Friday, March 6, 2009

Unemployment Rate at 8.1%; Jobs lost reach 4.38 million


The U.S. Government is putting the largest 19 banks in the U.S. under a stress test to assess how much capital they may need to survive this recession.  They have 2 scenarios:  one, a baseline scenario, based on consensus forecasts and a second "more adverse" scenario.  The baseline forecast has GDP declining by 2.0% in 2009 and rising by 2.1% in 2010 and has the Unemployment Rate reaching 8.4% in 2009 and 8.8% in 2010.  The more adverse scenario has GPD declining by 3.3% in 2009 and rising by 0.5% in 2010 and has the Unemployment Rate at 8.9% in 2009 and 10.3% in 2010.

So far GDP and the Unemployment Rate are far worse than their "more adverse" scenario.  GDP for 4th Quarter 2008 was at -6.2%.  According to "The Employment Situation" for February 2009, released today by the U.S. Department of Labor, seasonally adjusted, the Unemployment Rate for February hit 8.1% and without seasonal adjustments it was 8.9%.  At the current pace, the unemployment rate would hit 10.3% by August 2009.  Since 1948, the unemployment rate has never risen by more than .5% in a 12 month span without entering into a recession. The unemployment rate is now up 3.3 percentage points in the last twelve months and is up 3.7 percentage points from its recent low of 4.4%.

Nonfarm payrolls decreased by 651,000 in February, 655,000 in January and 681,000 in December. This month they revised the previous two months of January and December downward by 265,000 jobs.  In January they revised downward the amount of jobs lost in the previous two months by 66,000 jobs. In December they made a downward revision of 154,000. In November, they made a downward revision of 199,000.  Last month, the total jobs lost from December 2007 to January 2009 was reported to be 3,572,000 jobs.  This month, with the revisions, the total jobs lost from December 2007 to February 2009 has reached 4,384,000 jobs.

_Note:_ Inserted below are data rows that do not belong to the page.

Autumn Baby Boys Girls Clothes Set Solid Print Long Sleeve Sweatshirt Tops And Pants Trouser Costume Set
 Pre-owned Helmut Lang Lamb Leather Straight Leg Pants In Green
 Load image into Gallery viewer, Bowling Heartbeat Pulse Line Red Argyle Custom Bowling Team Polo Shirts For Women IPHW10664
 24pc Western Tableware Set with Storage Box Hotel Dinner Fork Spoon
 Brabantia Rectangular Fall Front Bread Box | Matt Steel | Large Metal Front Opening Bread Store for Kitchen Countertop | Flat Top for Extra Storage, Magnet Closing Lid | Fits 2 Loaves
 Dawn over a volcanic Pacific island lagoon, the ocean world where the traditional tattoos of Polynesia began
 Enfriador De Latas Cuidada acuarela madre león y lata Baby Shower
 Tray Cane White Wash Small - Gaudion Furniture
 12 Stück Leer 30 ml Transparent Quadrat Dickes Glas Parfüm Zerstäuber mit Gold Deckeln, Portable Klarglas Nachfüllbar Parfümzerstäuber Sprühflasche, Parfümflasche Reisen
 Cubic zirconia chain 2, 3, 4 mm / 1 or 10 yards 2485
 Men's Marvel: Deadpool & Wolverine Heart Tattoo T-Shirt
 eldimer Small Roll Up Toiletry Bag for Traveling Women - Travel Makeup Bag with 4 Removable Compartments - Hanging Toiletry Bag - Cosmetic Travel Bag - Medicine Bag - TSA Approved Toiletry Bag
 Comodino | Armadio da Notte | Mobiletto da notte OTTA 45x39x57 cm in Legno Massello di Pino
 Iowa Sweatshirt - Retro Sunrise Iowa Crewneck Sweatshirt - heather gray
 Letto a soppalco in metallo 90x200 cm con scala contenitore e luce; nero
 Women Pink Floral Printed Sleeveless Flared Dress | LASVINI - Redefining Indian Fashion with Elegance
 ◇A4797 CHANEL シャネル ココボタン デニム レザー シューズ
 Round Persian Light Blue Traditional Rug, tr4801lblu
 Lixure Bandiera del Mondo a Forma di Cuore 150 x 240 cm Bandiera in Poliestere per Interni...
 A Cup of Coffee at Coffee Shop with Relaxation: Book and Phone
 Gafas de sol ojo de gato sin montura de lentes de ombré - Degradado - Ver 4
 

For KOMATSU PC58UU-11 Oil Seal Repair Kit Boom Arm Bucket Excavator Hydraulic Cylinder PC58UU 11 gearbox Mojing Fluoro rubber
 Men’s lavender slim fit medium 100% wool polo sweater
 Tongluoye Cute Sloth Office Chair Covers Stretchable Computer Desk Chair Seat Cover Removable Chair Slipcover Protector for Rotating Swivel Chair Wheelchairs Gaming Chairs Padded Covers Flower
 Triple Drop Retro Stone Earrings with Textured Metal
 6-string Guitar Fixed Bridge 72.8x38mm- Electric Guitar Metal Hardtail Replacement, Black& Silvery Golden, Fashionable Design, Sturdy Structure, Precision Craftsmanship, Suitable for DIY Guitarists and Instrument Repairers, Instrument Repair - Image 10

The average recession since World War II has had a loss of 1,917,000 jobs on average. The biggest loss before this recession came in 1982 with 2,838,000 jobs lost. In terms of job loss, we are in the biggest recession since the Great Depression. And the end is not in sight yet.

The U.S. Department of Labor released the Weekly Claims data for Unemployment Insurance yesterday. Initial claims were at 639,000 for the week ending February 28th. This is down from the previous week's number of 670,000. The four week average of initial claims, which is not as volatile, was at 641,750. This is up from the previous week's figure of 639,750.

Continued claims for unemployment insurance increased to 5,106,000 for the week ending February 21st down from the previous week's number of 5,120,000. The four week average for continued claims was also up to 5,011,000 from 4,934,000. This is the highest continued claims has ever been. The previous high was in 1982. Initial claims is faster to move up and signals increases in the unemployment rate. Continued claims take longer to go down than the initial claims once the unemployment rate is elevated. The Unemployment rate doesn't drop until continued claims start to come down.